The Murray-Reilly school of one-liner-based column-craft demands a bottomless wit and a skill for self-editing. Humorists like Dave Barry and Gene Weingarten spend paragraphs setting up and detonating a single joke; Reilly launches a grenade every other sentence. When you're such an ostentatious jokester, every punch line is a referendum on whether you're still funny. A good way to lose that referendum is to pop in a molar quip every time you can't think of a Murray-esque witticism.
It's no crime to have a taste for all things dental. Sure, tooth jokes are often corny, but bicuspid and gingivitis are legitimately funny words. Mouth metaphors can also be quite apt on occasion—the PGA Tour's Q-school does seem a bit like anesthetic-free dental surgery. In broader terms, no one would deny the comedian or the columnist the use of catchphrases and deliberate repetitions. The great Chicago newspaperman Mike Royko regularly trotted out characters like Slats Grobnik, and the New York Times' Maureen Dowd drops nicknames like "Rummy" and "Poppy Bush" to give her columns a consistent tone and vernacular. Reilly's ESPN colleague Bill Simmons, too, has a list of regular talking points that function as a kind of call-and-response with his readership: trips to Vegas with his team of sidekicks, copious Karate Kid references, and how-sports-work explications like the Ewing Theory and the Levels of Losing.
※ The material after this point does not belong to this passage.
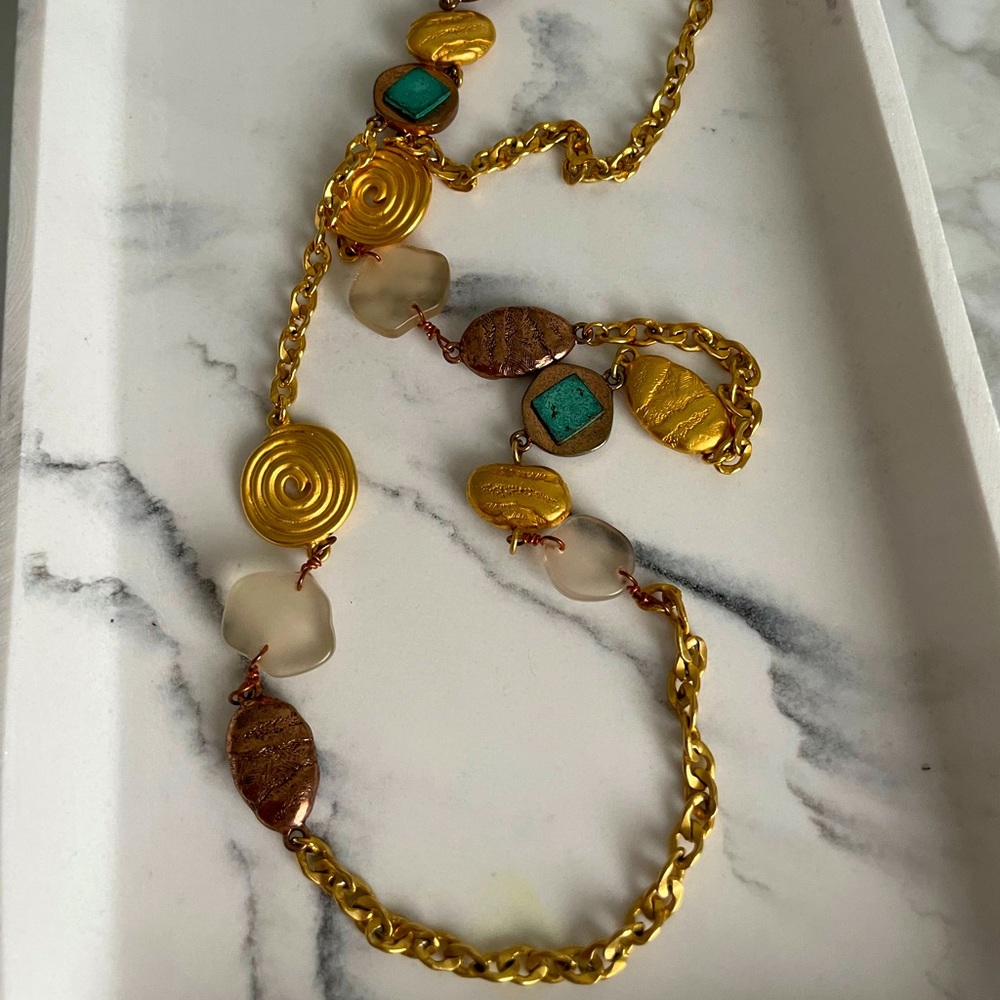Sea Glass and Copper Opera Length Necklace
But that's not Reilly's game. His reaching for the floss is an unconscious tic, not a willful decision to mine the mouth for comedy. In response to an e-mail query, Reilly says he wasn't aware of his dental habit. "I know gingivitis is funny," he writes, adding that "root canals are generally a strong image." He then offers a psychoanalytic explanation: "I was a terrible Sugar Babies addict, so I had more cavities than the surface of the moon. Really, I'd have three and four every time. So maybe I'm taking it out on dentists."
Reilly says this isn't new territory for him: Around 1995, a reader complained that he'd overused the word spleen. "When you've been writing columns for 30 years," he continues in his e-mail, "I suppose you exhaust every body part." (He also asks if I've counted his references to Barcaloungers. I just did: 15.) The not-enough-body-parts defense is a reasonable one. It's also a symptom of how difficult it is to sustain a wisecrack-heavy writing style. At a certain point, your comic imagination will be outstripped by your perpetual need to fill your column with yuks. A good marker for when there's no more toothpaste left in your tube: the day you make your 116th dental joke.
Reilly is a gifted essayist and wordsmith. His long profile of Bryant Gumbel, "The Mourning Anchor," written for SI a decade before he became the mag's featured columnist, is one of the greatest pieces of sportswriting I've ever read. The first column that Reilly wrote for ESPN back in June, about reconciling with his alcoholic father, is a remarkable demonstration of how much you can say in just 800 words. The rest of his ESPN output, though, has shown signs of complacency. In just six months, he's made five tooth jokes and written two separate columns that refer to a rat gnawing on someone's stomach. Both Reilly and his editors need to start giving his copy more attention. He's far too talented a writer to succumb to something as treatable as tooth decay.